When difficult child 1 left for Residential Treatment Center (RTC) I was amazed at the change in our household. I had gotten used to living in a state of extreme vigilance and didn't even realize it. It took a few months to get used to.
 

TerryJ2

Well-Known Member
I had gotten used to living in a state of extreme vigilance and didn't even realize it. It took a few months to get used to.

What a shame, but I know exactly what you mean. :(
To live on high alert like that uses up so much cortisol and reduces our immune systems, it's amazing we're all still here.
 

elbogrease

New Member
Thanks for your post. I've been doing lots of research on this, talking to top experts and parents and looking for therapies that work.
I'd welcome the chance to talk with you.
New to this website.
Is there a way you could email me?
 

InsaneCdn

Well-Known Member
elbogrease - please start a new thread, and tell us a bit about yourself and your situation. You will get more responses that way.
 

nikiani

New Member
I wanted to give an update on everything going on. Our son has FINALLY been diagnosed with multiple issues! We can move forward! Its a small step but it's in the right direction.....He was diagnosed with ADD, ODD, Reactive Attachment Disorder (RAD), Autism Spectrum Disorders (ASD) (scariest) and slight Obsessive Compulsive Disorder (OCD) & conduct disorder (bipolar).I apologize if i'm not using the correct terms and abbreviations.....this is all new for me yet.
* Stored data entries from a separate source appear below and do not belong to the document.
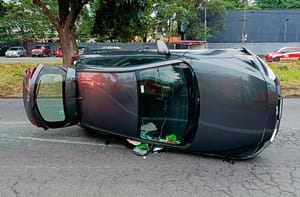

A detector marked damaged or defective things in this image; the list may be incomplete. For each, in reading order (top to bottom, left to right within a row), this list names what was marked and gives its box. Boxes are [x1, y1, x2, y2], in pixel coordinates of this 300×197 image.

overturned dark car [22, 40, 282, 159] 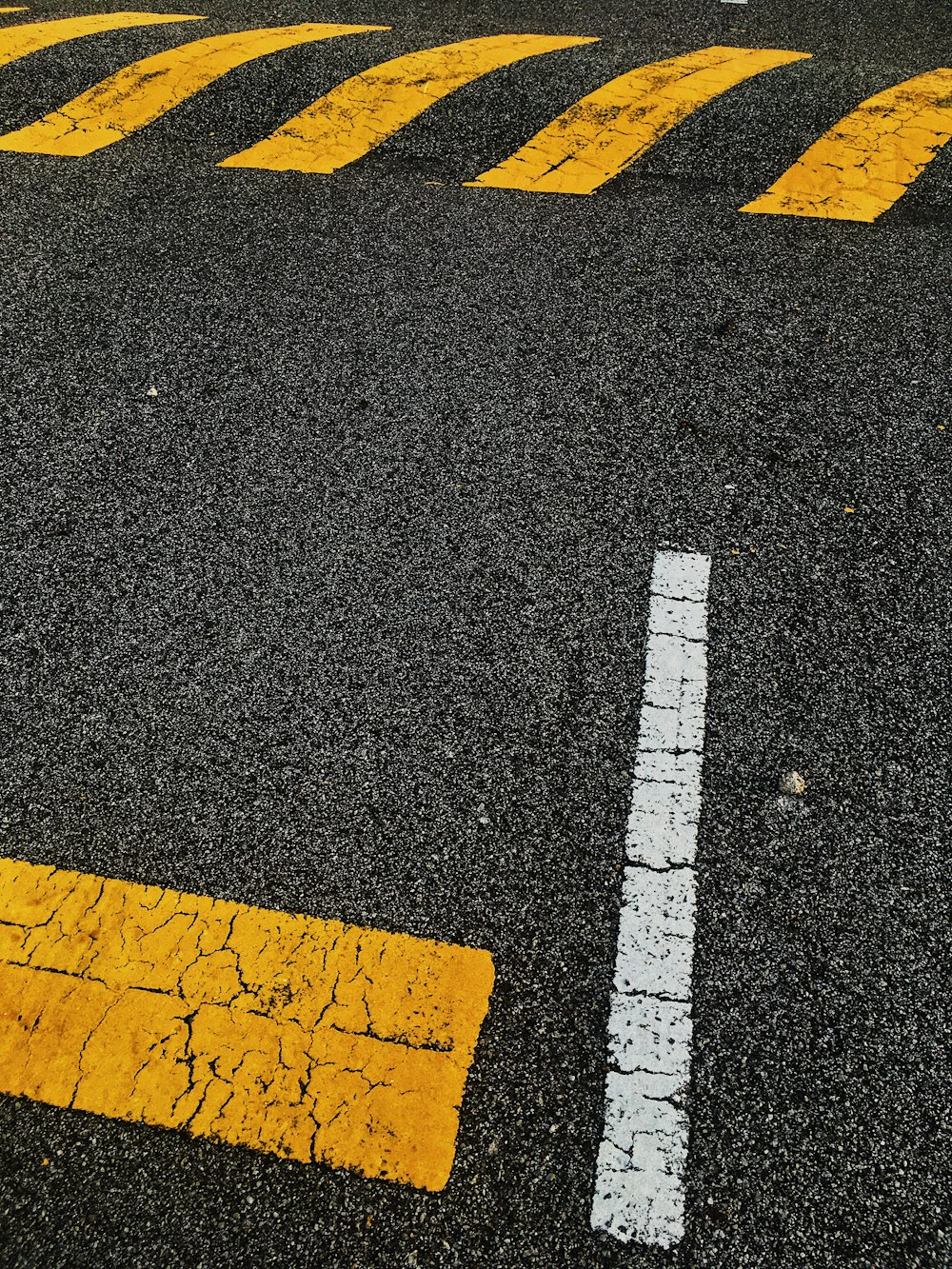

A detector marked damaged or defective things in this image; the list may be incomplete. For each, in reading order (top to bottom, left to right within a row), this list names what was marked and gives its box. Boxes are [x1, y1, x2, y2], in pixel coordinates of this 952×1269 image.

yellow paint chip [0, 863, 495, 1187] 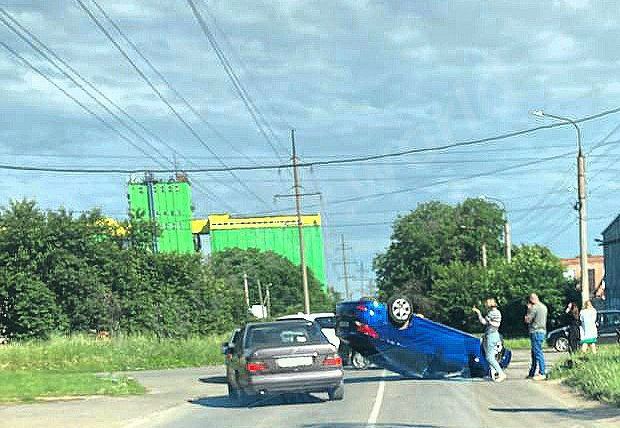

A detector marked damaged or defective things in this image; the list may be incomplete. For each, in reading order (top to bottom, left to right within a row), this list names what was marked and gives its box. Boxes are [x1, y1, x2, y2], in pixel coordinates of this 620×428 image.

overturned blue car [336, 298, 512, 378] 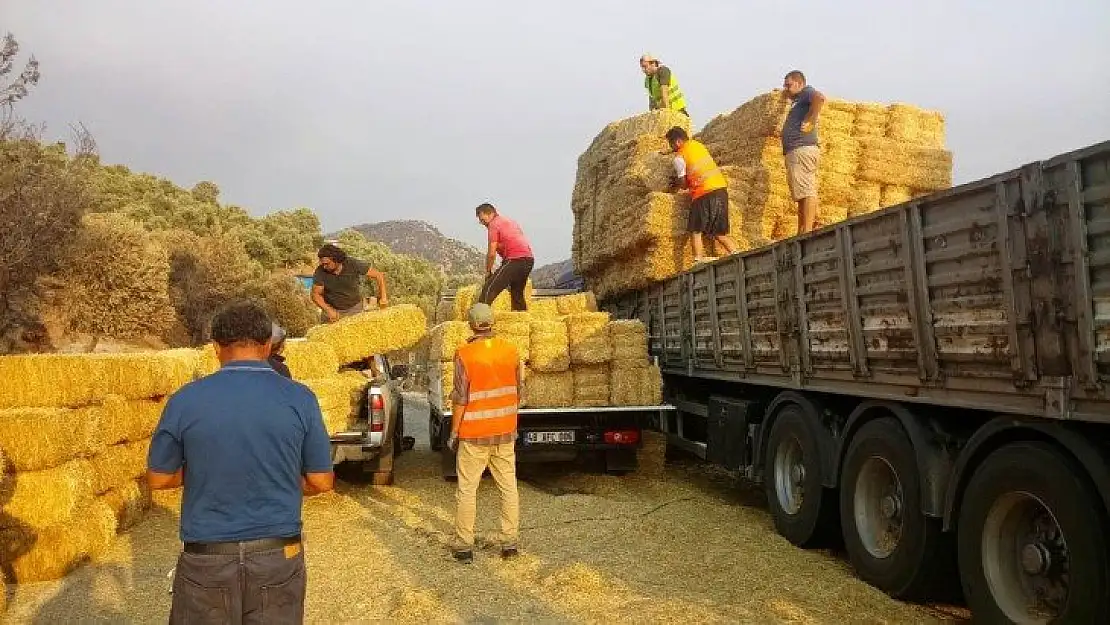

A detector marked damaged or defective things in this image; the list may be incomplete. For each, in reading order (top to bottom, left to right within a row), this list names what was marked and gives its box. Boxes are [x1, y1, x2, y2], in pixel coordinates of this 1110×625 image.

rusty trailer panel [603, 140, 1110, 426] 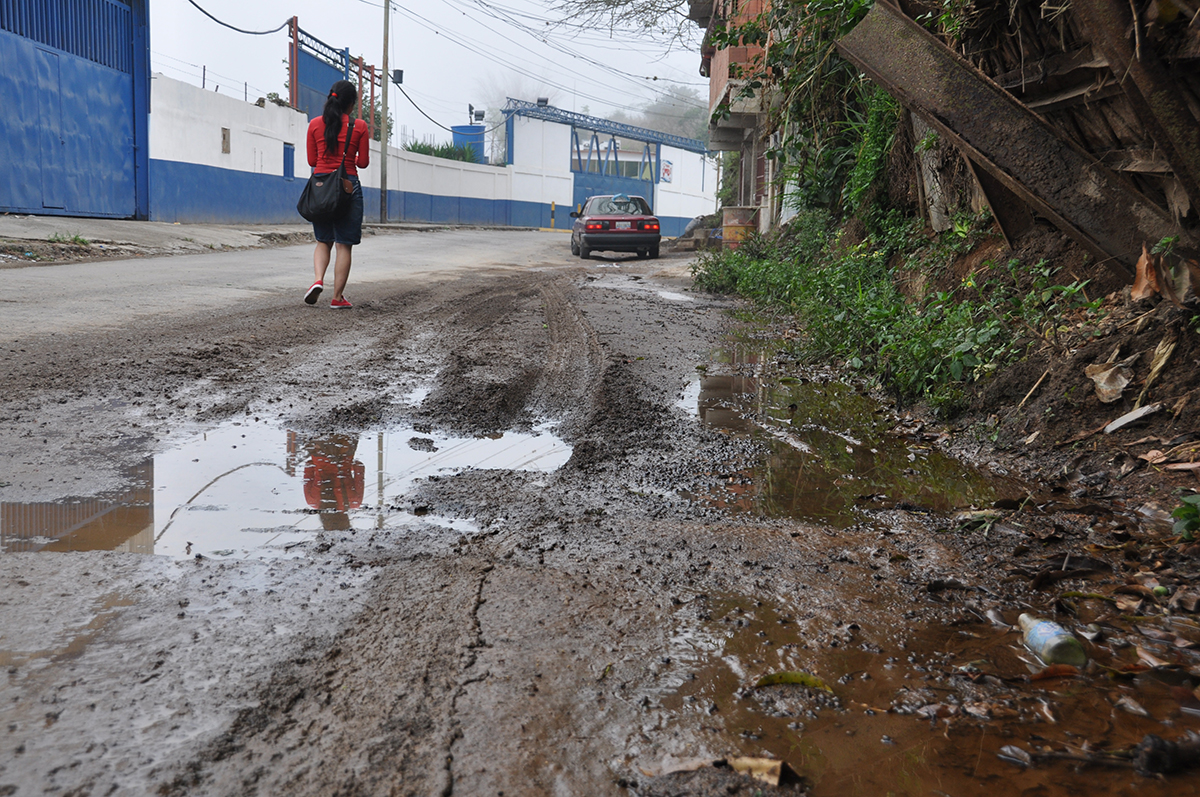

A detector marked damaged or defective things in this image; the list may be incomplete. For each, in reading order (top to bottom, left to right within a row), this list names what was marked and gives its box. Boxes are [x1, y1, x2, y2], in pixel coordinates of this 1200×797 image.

rusty metal beam [840, 0, 1185, 279]
rusty metal beam [1075, 0, 1200, 218] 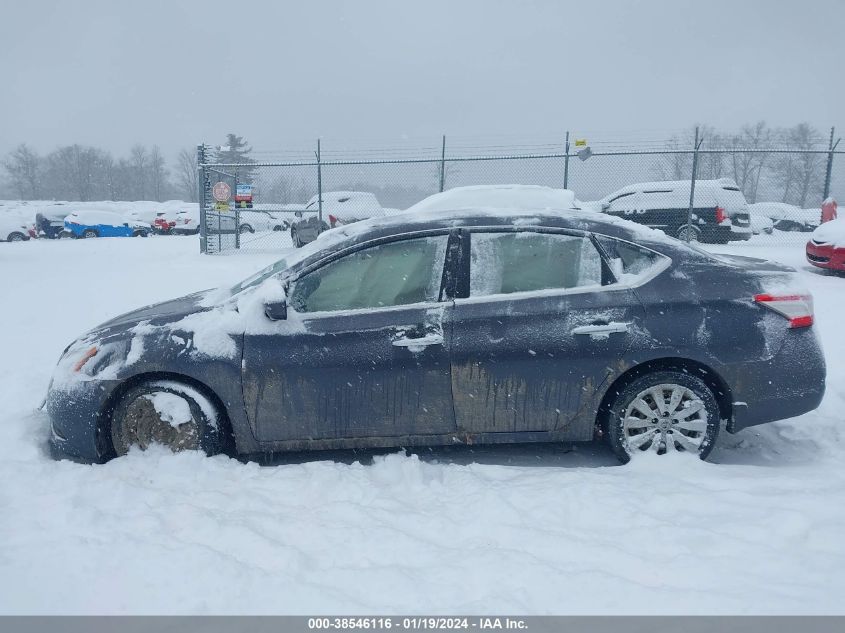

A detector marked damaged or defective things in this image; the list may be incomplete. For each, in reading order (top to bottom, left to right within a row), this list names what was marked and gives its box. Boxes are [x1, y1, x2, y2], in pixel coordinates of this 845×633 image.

damaged wheel well [95, 370, 234, 460]
damaged wheel well [592, 356, 732, 434] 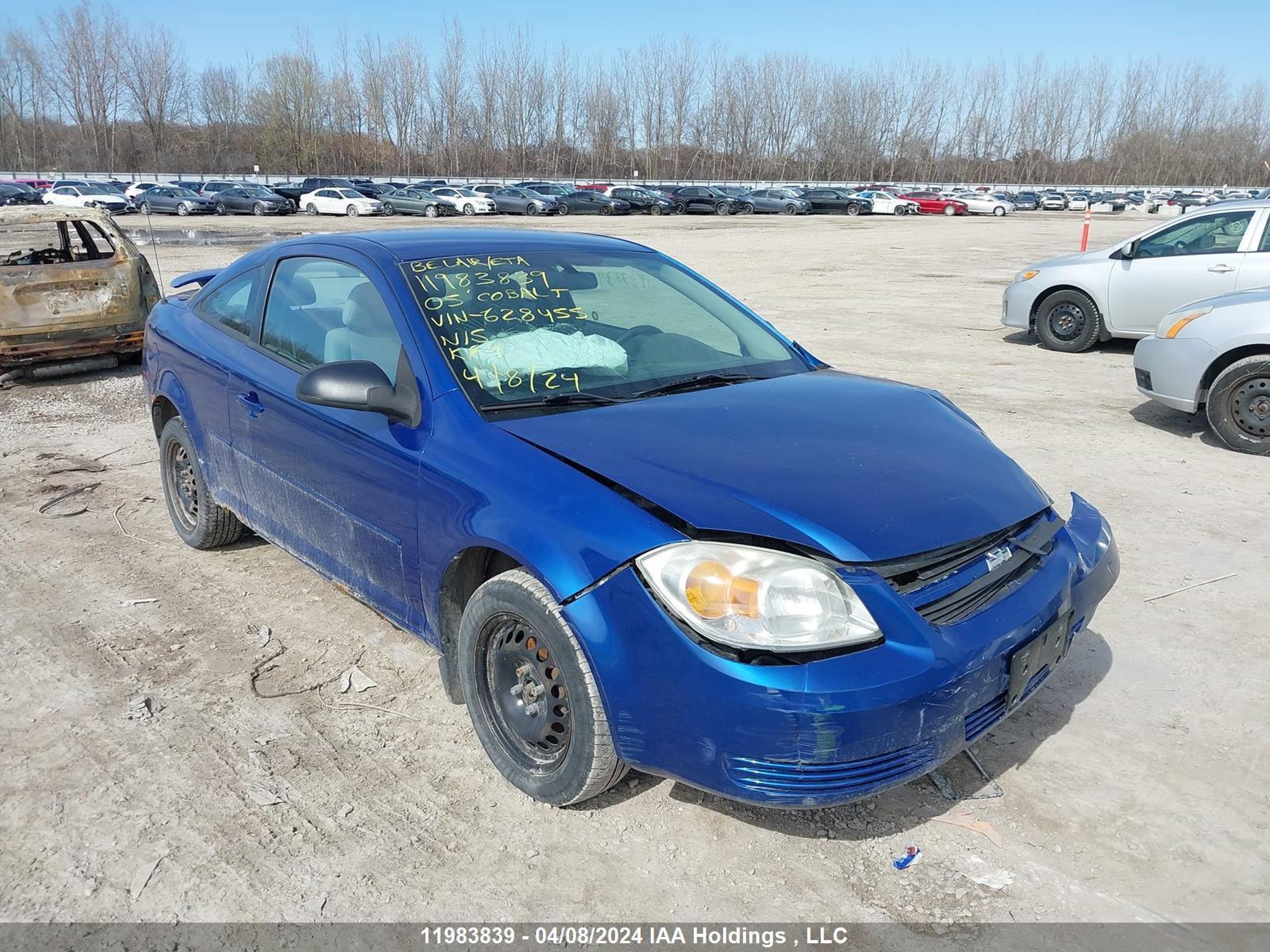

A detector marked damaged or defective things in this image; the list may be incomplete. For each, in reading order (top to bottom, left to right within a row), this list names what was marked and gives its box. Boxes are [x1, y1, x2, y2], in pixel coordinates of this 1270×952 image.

burned car [0, 205, 159, 382]
damaged front bumper [562, 495, 1118, 806]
I just had to thank each and every one of you who have helped us get to this point. We are currently waiting on paperwork for treatment centers and our son is just starting with the county and the ONE program they offer for situations like this. I have been blessed with so many helpful, honest, blunt, and kind people here. I don't know what I would have done without all of you. We are still living in hell but I am starting to think that things may start to change and that we will be able to love our son from "afar"....There is one particular lady who I owe so much to (Midwest Mom)....THANK YOU! Every day is such a struggle/battle.....but I feel like theres some hope for my family and my baby girls!
 

BusynMember

Well-Known Member
Nikani, your welcome, but I'd rather not have to tell anyone about Reactive Attachment Disorder (RAD)!!! Still, I am so glad you are getting help and feeling better!!!! Please keep us updated.

You most certainly have my heartfelt prayers.